ROM Hack compression?

bugubugu

Member
OP
Newcomer
Joined
Aug 26, 2010
Messages
9
Trophies
0
XP
1
Country
Canada
Hi, i know this is the nds hacking section, but i'm running into a rather big, unbreakable brick wall in my attempt to find the script in Fate/Extra.
I'm fairly certain it is in a bunch of files with the extension .cmp. At first i thought they were Character MaP files, since there are about 300 Mb of them, but now i'm starting to think that they are actually CoMPressed files that happen to have some script in them. In other files that did have text, there were flags like #C21022158,#CDEF and #REND, that kept popping up, which i assumed were flags to tell the program which character portrait to display and whatnot.
WHile looking for the script, i wrote some a quick 10 line program to search for instances of #REND in all the files. I was rathe rsurprised to find them in the .cmp. WHen I looked at them, however, I did indeed find #REND a few times, but i also found mangled versions of them. there were also a bunch of sections there that were NEARLY sentences, but from the hex, it looked like normal shift jis with 83 22 83 54 and then an occasional random byte that messed everything up. little by little, the mangled and mutilated sentences got more mangled and more mutilated until it really was nothing but gibberish.
Does anyone know if this is a common form of compression and if so, how I would go about uncompressing it?
In the header, the first thing it said was IECP, if that helps any...
Here's an example if my explanation is too unclear:


here are some example files if you wouldn't mind taking a look:
http://ifile.it/zerpa4h

Thank you for your time, and my apologies if psp related questions isn't welcome here.
 

bugubugu

Member
OP
Newcomer
Joined
Aug 26, 2010
Messages
9
Trophies
0
XP
1
Country
Canada
rastsan said:
they are compressed and there is a decompressor(s).
I have not tried this one but it should help.
Game Archive UnPacker 0.6.0.3 PRO
get the pro and let me know if it works please.
i got that and put it with total commander, but it doesn't seem to be working for me...i think the .cmp files he made the plugin for aren't the same as the .cmp files i'm dealing with.
it always gives me an Error packing files and Error in archive file, whenever attempting to compress and decompress, unfortunately.
the plugin is 5 years old, by the way, would it still be applicable to current gen games?
 

FAST6191

Techromancer
Editorial Team
Joined
Nov 21, 2005
Messages
36,798
Trophies
3
XP
28,321
Country
United Kingdom
You would be surprised at how much/long formats get reused for although cmp is probably second only to .bin in the most common extension/magic stamp stakes.

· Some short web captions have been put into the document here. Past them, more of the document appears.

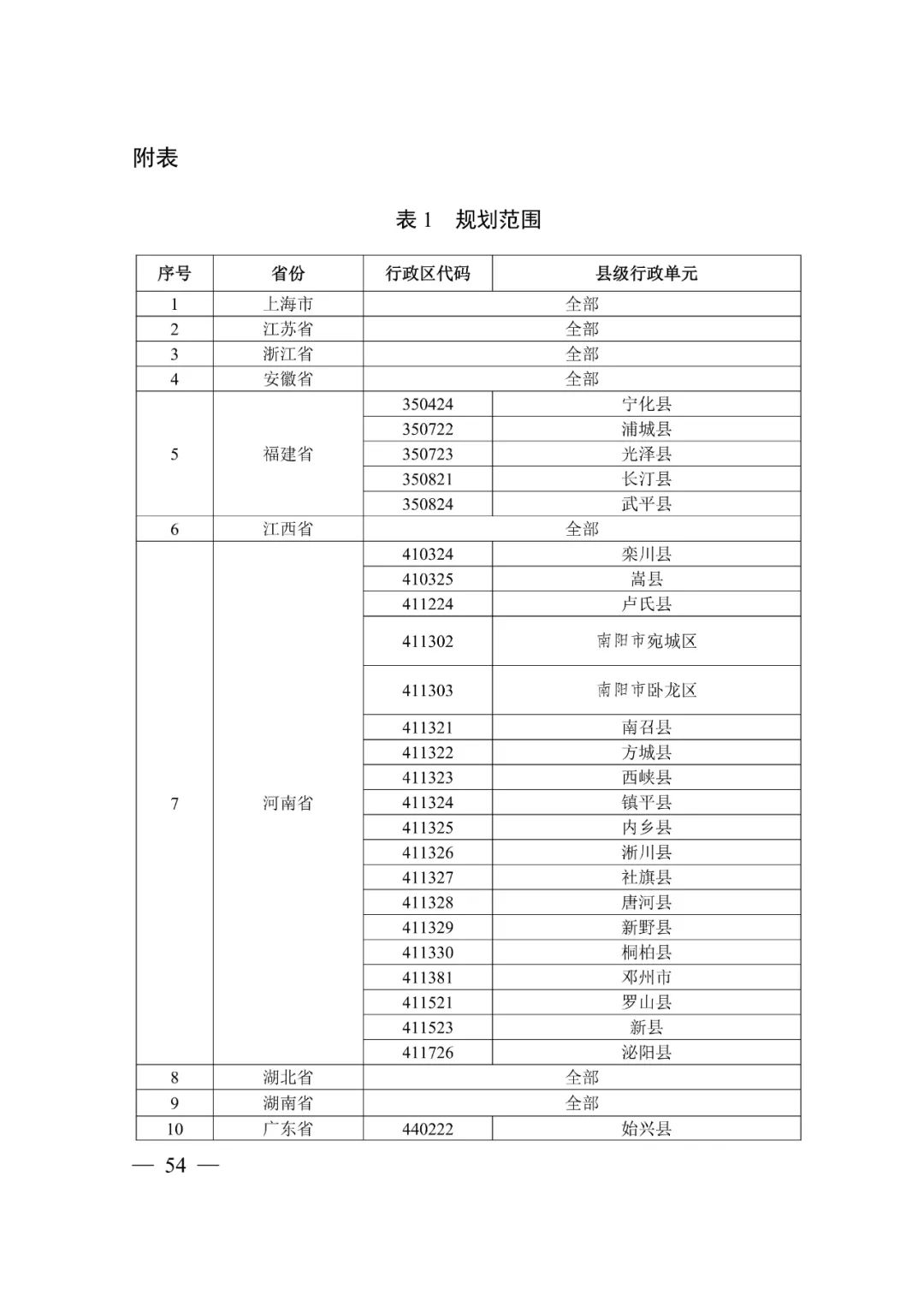 《长江经济带—长江流域国土空间规划（2021—2035年）》全文发布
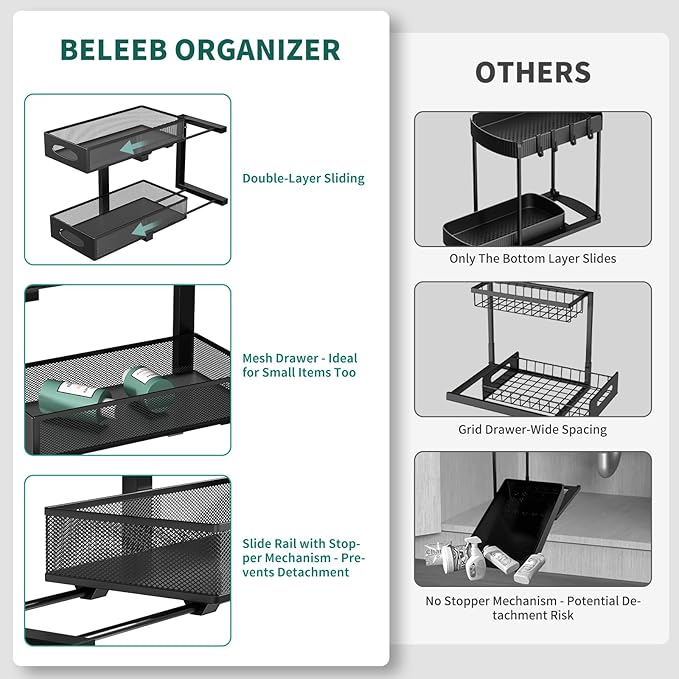 Beleeb Under Sink Organizer, Height Adjustable Organization and Storage Series - Image 4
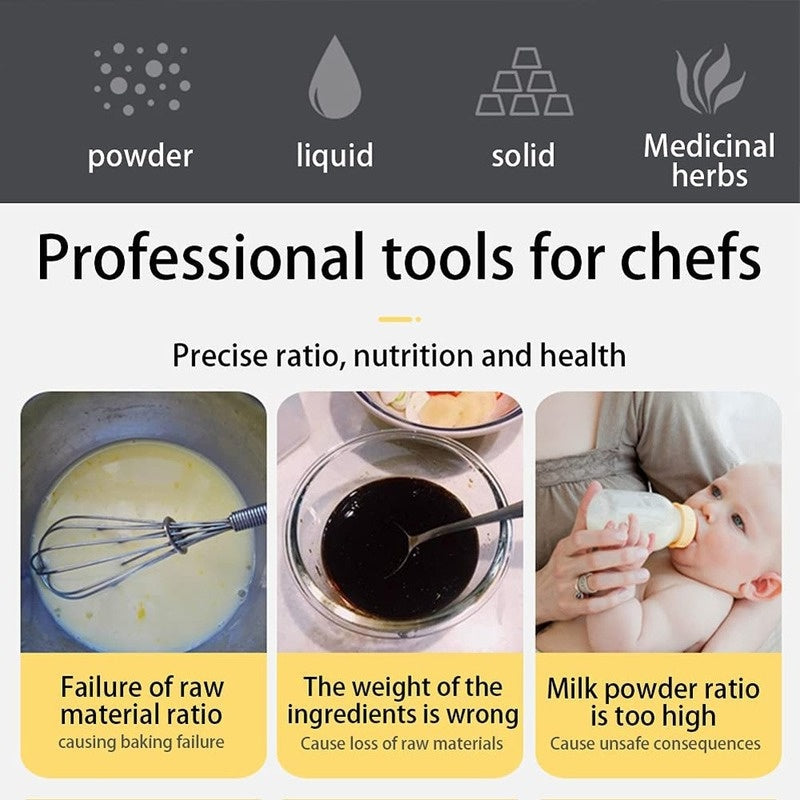 Accurate Measuring Digital Kitchen Spoon - LCD Display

Anyhow what you described is classic compression- it starts out reasonably readable and jumps back.

This points to some form of LZ compression* (as opposed to the other two common methods of huffman or run length encoding aka RLE) but this is where the existing tools might fall flat- the GBA and DS have their own LZ decompression functions built into the BIOS (not that it means we never see custom algo/settings LZ compression).

* http://www.romhacking.net/docs/281/ and do also poke around the utilities section there and maybe have a look at crystaltile2 http://gbatemp.net/t232718-crystaltile2-2010-06-12 as it has great compression search abilities but the jist of it is you break it up into sections (the random byte) and then refer backwards to it (increasing levels of gibberish).
 

bugubugu

Member
OP
Newcomer
Joined
Aug 26, 2010
Messages
9
Trophies
0
XP
1
Country
Canada
Thank you so much FAST6191! that tutorial was exactly what i needed.
So, it's definitely compressed according to the LZSS scheme and actually seems to be quite similar to the examples they gave...
The one thing i don't understand, however, is the offset/length pair, as wikipedia calls it.
In the section I posted above, the part with #RUBS DERI--gibberish two kanjis #REND, is supposed to be:
(note, i'm romanizing the kana, one character per byte, kanji is represented as Kk)
#RUBS DeRiIiTo #RUBE KkKk #REND
So, logically, the #RUB in #RUBS can be reffered to in the place of the #RUB in #RUBE, which is exactly what's happening.
The compressed version has:
#RU (FF) BS DeRiIi (FB) To (2C E1) E KkKk (FF)
The FB flags the write part, the 2C E1, just like the tutorial said it would, and then it goes on. However, I can't quite see how 2C E1 can be an offset/length pair pointing to #RUB, since it's only about 14 bytes behind as well as only 4 bytes long.
in the other file, it has the same thing except with F4 71 instead, which is strange because in both files, that is the first time #RU ever appears.

I also can't quite seem to get crystaltile to find anything for me. all it seems to do is look for instances of 10...
 

FAST6191

Techromancer
Editorial Team
Joined
Nov 21, 2005
Messages
36,798
Trophies
3
XP
28,321
Country
United Kingdom
(flag) 10 is a magic stamp/appears at the start of compressed files for a type of LZ common in the GBA and DS (flag 11 has appeared in the last year or so though which did not work with a few tools). Was worth a try I guess though.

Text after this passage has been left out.